Last month, The Nevada Independent reported that the chair of the Nevada Gaming Control Board secretly recorded a meeting last April with Nevada Attorney General Adam Laxalt. According to the story, Laxalt suggested the board intervene in a lawsuit on the side of the attorney general’s biggest donor, Las Vegas Sands CEO Sheldon Adelson. Laxalt’s 2014 campaign took $55,000 from Adelson, his family, and Sands, and his political action committee took another $50,000.
That $105,000 is certainly enough to give cause for concern whether Laxalt’s actions were motivated more by gratitude for campaign cash than his duty to serve the people of Nevada.
Yet a closer look at the 2014 race shows that Adelson likely spent far more — 14 times more — to elect Laxalt. That spending was only possible because of the Supreme Court’s Citizens United decision. And Laxalt’s actions on Adelson’ s behalf may be a textbook example of how dramatically the Court misread the potential of unlimited political spending to corrupt government action.
In addition to his contributions to Laxalt, Adelson also gave an astonishing $1.5 million to the Republican Attorneys General Association (“RAGA”) in 2014, making him the group’s second-biggest donor. RAGA is active in several states, and there’s no indication that Adelson’s money was earmarked for Nevada, but consider the circumstances.

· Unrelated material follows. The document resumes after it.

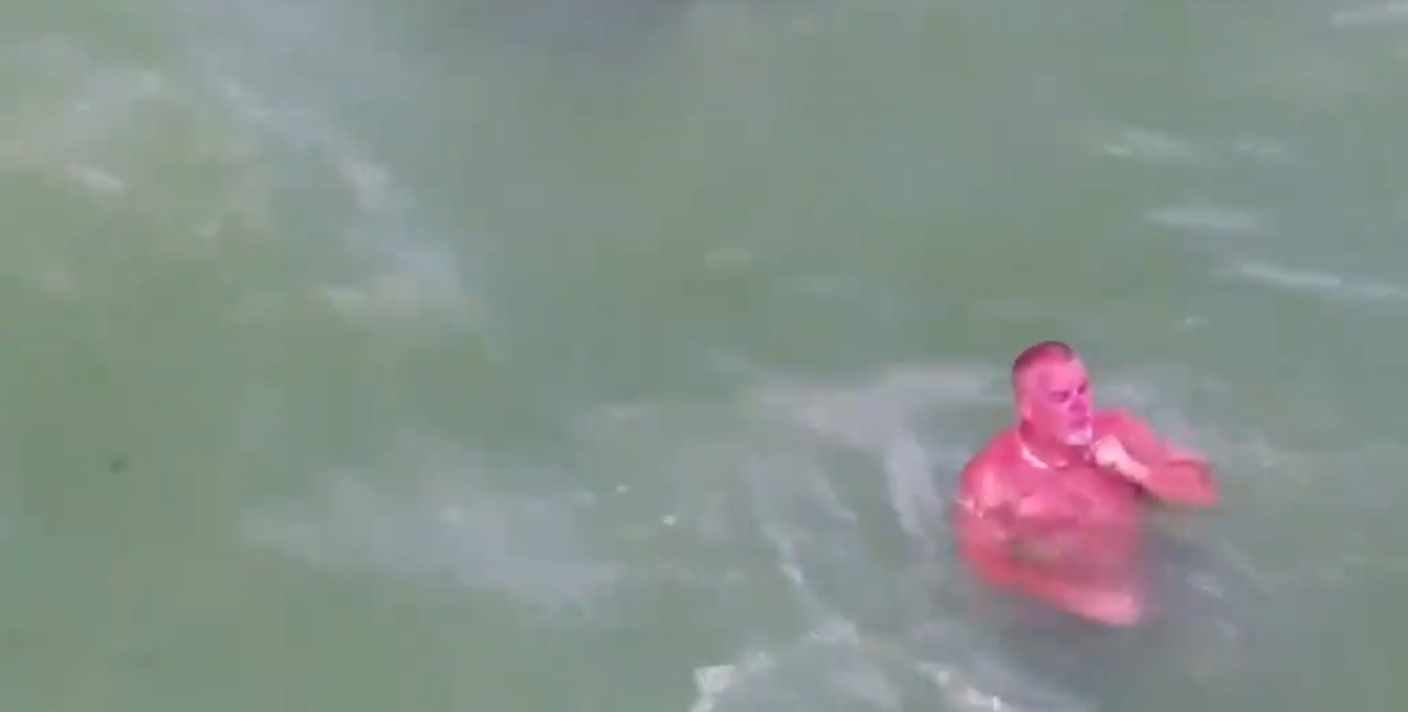 Acesta e adevăratul Hellboy. Cum a fost filmat un bărbat printre trei diavoli de mare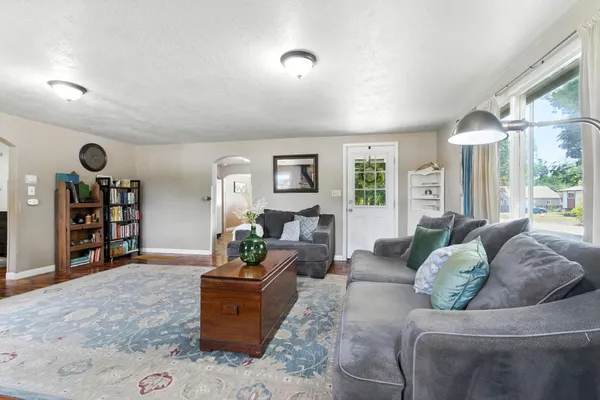 $299,999 | 904 Kruger Street, Chewelah, WA 99109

Laxalt was locked in a tight race and one of his top campaign advisers was an Adelson lobbyist. The casino magnate had never given to RAGA or its parent organization before, according to the Center for Responsive Politics. But RAGA went on to pour an estimated $1.8 million in “independent expenditures” into Laxalt’s race, spending far more on TV than the candidate himself. It was RAGA’s top contest that year.
Why would the world’s richest casino owner spend so much on a state attorney general race? Adelson has long sought tougher restrictions on online gambling, a business that competes with his brick-and-mortar casinos. Law enforcement officials like attorneys general can be powerful allies in a push for a crack down. Indeed, a group of attorneys general, including Laxalt, sent a letter to Congress late last year supporting legislation that would prohibit states from legalizing online gambling.
Plying attorneys general with campaign cash and invitations to lavish conferences where officials rub elbows with corporate lobbyists has become a routine part of the influence industry. Adelson’s company was a “platinum sponsor” of RAGA’s summer conference at a luxury resort in San Diego in 2014, and a reporter in attendance overheard a top lobbyist for Sands set up a meeting with Florida’s attorney general.
Adelson is also active in federal races, of course. In 2016, he and his wife gave $20 million to the Senate Leadership Fund, a super PAC connected to Majority Leader Mitch McConnell that was the biggest spender in last year’s Senate elections. The day after those donations were made public, GOP senators introduced the online gambling bill Adelson has been pushing for.
But state and local elections often pose the greatest risk of corruption through political spending. These contests are relatively inexpensive, making it affordable for special interests to influence races where the elected official might regulate their industry. Or ask the state to intervene on their behalf in a private lawsuit.
Adelson bet big on Laxalt. He was constrained by contribution limits in how much he could give directly to the candidate. But there are no contribution limits on outside groups like RAGA, so the great majority of Adelson’s money went through the association. A little more than a year after those contributions, Laxalt announced his support for the online gambling ban.
Then last March, Adelson asked for Laxalt’s help. Adelson had been sued for wrongful termination by a former high-ranking executive, and he wanted the state Gaming Control Board to intervene in the case and declare certain documents confidential. It was that request that caused Laxalt to ask for an urgent meeting with the gaming board’s chair, prompting him to reach for his tape recorder. In the end, the board refused Adelson’s request, and the suit was settled for a reported $75 million last June.
Do Laxalt’s actions have the appearance of corruption?
According to the Supreme Court’s Citizens United decision, which has led to a an explosion of spending by unlimited-contribution groups like RAGA, Adelson’s outside money can’t possibly have corrupted Laxalt because the candidate never controlled the money. All that largesse was spent on Laxalt’s behalf, but not at his direction.
Of course, it makes intuitive sense that it’s easier to bribe a candidate with money put directly in their hands than money given to a third party who will spend it advocating for the candidate. But it’s also intuitively obvious that the fundamental assumption of Citizens United — that it’s impossible for money given to someone else to have a corrupting influence on a candidate — is misguided, especially when the amounts are so large.
We must acknowledge the potential for unlimited outside money to create actual corruption or the appearance of it. Both erode the public’s faith in government. The Supreme Court should fix its mistake and allow legislatures to enact sensible campaign finance regulation.